He wasn’t sure who missed Mike more. 

Mike never asked to speak to either of them first, just accepted who picked up the phone and Will loved him for that. 

“Goodnight, I love you,” Mike said on the phone one night. 

Will couldn’t say anything back for a moment and before he could the line was filled with Mike’s urgent voice.

“Shit, sorry, man. I’m used to saying goodbye to El and I just…”

Tidal wave.

“No, it’s okay.”

“Sorry. I mean it’s not that I don’t-”

“Its okay. Goodnight, Mike.” _Click_

Will had other friends too. New friends. 

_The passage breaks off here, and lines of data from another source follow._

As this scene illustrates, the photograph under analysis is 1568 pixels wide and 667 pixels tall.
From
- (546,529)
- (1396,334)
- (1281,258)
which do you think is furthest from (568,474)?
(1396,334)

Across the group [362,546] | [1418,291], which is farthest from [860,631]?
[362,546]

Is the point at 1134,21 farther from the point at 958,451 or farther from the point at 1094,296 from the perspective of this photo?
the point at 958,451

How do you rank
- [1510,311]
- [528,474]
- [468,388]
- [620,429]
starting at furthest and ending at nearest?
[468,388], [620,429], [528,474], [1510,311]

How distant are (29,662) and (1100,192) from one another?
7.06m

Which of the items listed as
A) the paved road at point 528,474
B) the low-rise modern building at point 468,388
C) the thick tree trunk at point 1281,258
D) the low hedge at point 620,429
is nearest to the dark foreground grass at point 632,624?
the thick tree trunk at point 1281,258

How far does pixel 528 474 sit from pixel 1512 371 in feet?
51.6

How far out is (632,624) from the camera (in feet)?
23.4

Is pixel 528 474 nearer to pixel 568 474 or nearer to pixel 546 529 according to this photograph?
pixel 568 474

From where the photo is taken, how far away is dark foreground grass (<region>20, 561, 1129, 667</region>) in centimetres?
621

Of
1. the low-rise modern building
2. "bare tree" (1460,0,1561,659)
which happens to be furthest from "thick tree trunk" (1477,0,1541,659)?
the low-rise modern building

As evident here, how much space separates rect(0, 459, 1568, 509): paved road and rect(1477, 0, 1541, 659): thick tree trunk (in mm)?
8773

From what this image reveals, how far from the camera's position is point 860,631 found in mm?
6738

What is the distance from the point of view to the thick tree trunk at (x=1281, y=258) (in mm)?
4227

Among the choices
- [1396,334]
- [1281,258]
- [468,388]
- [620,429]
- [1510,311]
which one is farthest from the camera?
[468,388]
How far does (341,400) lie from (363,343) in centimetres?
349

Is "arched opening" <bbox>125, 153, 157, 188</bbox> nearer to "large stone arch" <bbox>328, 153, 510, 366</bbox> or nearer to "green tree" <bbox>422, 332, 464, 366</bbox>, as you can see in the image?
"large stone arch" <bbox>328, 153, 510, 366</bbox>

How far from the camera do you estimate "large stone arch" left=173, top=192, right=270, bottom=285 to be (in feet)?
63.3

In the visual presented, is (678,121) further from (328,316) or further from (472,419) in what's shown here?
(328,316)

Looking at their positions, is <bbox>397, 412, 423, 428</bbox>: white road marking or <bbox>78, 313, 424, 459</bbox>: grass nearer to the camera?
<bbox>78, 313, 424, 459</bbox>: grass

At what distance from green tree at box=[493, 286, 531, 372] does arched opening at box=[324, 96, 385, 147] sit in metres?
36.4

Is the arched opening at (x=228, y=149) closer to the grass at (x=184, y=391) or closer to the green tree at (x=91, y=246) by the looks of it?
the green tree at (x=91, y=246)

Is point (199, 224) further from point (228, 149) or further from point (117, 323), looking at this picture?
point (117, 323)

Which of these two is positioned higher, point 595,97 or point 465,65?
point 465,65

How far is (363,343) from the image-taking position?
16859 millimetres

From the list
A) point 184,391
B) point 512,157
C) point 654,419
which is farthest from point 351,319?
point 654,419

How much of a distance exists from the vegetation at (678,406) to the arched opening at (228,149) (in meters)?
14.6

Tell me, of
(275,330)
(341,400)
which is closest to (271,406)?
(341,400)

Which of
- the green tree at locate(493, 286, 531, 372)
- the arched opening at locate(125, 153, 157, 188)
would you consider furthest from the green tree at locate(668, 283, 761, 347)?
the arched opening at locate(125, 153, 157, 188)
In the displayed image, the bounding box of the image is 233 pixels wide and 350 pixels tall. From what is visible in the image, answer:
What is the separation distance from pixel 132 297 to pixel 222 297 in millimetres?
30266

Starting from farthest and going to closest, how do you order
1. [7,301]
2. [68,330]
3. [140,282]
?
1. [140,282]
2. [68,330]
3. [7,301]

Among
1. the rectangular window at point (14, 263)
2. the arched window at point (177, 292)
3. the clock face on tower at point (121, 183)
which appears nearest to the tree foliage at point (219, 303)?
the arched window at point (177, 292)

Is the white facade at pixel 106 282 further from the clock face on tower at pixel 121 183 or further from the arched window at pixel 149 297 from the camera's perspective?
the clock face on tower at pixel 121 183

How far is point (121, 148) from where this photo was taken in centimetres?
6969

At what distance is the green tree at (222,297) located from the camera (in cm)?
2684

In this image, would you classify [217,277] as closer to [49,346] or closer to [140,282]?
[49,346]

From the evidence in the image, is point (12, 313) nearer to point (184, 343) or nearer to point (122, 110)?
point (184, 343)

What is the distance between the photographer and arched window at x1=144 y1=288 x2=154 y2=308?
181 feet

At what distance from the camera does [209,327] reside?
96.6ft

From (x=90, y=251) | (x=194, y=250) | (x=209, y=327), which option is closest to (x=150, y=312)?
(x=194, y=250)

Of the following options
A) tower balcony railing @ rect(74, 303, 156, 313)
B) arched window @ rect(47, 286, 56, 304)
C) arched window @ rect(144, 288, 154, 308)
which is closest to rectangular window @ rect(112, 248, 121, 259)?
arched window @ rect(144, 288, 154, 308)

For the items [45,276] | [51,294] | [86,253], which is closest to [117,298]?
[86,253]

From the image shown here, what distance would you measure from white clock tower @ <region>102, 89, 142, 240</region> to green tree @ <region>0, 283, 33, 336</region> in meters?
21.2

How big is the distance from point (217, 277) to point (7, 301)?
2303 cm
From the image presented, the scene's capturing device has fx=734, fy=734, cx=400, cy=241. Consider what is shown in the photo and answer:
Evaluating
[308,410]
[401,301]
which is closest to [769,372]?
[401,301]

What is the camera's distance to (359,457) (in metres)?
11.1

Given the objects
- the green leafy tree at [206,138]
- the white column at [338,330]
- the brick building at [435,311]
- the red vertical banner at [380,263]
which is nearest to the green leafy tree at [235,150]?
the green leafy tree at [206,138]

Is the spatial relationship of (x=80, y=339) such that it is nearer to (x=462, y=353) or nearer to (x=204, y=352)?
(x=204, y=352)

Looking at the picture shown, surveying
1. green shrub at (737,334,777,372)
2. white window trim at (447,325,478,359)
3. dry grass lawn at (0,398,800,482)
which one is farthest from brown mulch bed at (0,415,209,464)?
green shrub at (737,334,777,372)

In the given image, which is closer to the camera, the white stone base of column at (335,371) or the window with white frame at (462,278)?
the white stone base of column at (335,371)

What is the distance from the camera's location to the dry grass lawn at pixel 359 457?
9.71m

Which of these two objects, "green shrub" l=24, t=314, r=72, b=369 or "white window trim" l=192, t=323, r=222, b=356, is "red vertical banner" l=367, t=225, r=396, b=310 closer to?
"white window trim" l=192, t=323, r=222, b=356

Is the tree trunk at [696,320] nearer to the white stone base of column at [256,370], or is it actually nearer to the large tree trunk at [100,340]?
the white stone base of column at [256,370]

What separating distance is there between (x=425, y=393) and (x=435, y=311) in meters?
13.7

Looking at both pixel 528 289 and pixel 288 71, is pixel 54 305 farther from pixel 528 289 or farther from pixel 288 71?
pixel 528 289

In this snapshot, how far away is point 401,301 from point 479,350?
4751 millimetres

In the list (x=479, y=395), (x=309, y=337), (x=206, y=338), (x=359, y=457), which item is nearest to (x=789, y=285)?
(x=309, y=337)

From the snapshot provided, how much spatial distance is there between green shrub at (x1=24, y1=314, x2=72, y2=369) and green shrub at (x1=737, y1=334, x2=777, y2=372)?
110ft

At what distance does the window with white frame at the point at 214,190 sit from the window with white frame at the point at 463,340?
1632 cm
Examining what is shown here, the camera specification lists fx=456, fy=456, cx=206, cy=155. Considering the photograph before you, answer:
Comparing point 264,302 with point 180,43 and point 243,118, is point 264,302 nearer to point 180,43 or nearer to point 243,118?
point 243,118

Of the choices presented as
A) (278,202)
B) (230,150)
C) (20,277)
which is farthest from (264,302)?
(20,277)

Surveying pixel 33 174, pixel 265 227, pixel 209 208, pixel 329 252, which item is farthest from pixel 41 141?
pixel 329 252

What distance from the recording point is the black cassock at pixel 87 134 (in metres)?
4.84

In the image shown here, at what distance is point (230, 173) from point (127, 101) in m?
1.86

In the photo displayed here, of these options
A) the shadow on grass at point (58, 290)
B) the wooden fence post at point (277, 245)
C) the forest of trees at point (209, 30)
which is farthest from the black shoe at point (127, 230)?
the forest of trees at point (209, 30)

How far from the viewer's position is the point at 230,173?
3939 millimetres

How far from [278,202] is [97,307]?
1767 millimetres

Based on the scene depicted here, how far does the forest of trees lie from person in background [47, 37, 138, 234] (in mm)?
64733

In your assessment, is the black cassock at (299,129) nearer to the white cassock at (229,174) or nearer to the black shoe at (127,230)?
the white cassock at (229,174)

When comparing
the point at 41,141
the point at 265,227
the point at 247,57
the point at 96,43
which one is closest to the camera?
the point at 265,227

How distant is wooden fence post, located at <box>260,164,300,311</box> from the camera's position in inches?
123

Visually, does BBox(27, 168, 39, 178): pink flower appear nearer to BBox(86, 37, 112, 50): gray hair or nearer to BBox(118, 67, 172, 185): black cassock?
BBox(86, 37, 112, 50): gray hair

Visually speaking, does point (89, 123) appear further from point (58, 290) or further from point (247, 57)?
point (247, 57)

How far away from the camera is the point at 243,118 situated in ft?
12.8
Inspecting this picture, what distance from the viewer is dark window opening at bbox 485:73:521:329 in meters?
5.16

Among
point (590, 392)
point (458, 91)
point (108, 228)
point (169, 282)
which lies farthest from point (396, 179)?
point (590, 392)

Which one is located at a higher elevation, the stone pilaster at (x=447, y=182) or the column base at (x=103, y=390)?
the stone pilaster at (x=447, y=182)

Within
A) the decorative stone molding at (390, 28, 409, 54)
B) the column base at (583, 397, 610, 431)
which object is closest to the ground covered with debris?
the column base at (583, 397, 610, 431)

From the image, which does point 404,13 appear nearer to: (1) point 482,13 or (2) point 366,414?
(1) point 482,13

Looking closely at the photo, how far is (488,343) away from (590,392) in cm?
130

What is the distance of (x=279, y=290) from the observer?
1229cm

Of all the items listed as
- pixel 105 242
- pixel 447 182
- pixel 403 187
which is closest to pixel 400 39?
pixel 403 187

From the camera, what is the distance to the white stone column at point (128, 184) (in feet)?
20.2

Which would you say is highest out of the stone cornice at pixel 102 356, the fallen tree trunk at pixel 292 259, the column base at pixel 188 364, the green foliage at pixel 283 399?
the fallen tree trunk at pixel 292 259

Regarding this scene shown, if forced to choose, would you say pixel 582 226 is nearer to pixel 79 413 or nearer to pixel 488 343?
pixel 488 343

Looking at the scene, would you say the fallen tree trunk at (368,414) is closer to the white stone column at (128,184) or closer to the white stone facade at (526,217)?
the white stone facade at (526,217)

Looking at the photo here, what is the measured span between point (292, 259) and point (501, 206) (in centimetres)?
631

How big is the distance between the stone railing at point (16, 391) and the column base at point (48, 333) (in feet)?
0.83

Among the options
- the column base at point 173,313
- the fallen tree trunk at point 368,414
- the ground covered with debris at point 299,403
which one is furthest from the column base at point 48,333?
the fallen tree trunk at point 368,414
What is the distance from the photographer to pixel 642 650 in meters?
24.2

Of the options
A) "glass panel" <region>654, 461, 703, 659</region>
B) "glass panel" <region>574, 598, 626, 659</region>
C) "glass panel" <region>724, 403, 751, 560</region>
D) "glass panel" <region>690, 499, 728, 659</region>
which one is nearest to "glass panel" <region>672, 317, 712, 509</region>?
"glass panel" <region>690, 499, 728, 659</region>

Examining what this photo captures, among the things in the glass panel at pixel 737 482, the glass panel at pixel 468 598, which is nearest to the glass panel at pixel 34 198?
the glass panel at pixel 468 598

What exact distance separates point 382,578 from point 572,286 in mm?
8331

He still counted down the days until he would get to see Mike again in red tick marks on his wall. 79, 78. But friends made it better. 

They met by the bike racks every morning, just like he used to do with the party. 

They called him The Big Will after a movie they had watched and they were all really into friendship bracelets. Will quickly collected more than he could count, carefully tacking each one to a board above his bed.

There was no arcade in their new town. They played Ghostbusters on Ella’s Atari 2600 and Will felt a pit in his stomach. 

He went to a sleepover. Jacob’s mom didn’t flip if girls stayed the night too, as long as they slept in the living room. 

_Big Will, truth or dare?_ A kernal of discarded popcorn crunched under his shoulder as he climbed into his sleeping bag and Will felt like a teenager for once.

And then there was Charlie. He was all green eyes and cropped sandy hair and he was absolutely nothing like Mike.

Charlie took Will to the creek by the highway and they waded into the water. Will fell in._ "Fight against the sadness Artax."_

They laughed at that even as Will shivered back to Charlies, soaked to the skin. Charlie called him Artax after that, Will called him Atreyu, but never in front of the rest of their friends.

He told Will that he was funny, once. They were standing on an overpass watching headlights wizz by below and Will had made some stupid joke and Charlie had laughed, moving his hand out so that it almost touched Will’s arm. Right before he touched him he pulled away and then he had said that he was funny, looking him dead in the eyes serious like he wanted him to know he meant it. Not funny like odd. Funny funny. That was something Will had never heard anyone say about him. Charlie was quiet enough to hear that it was true. 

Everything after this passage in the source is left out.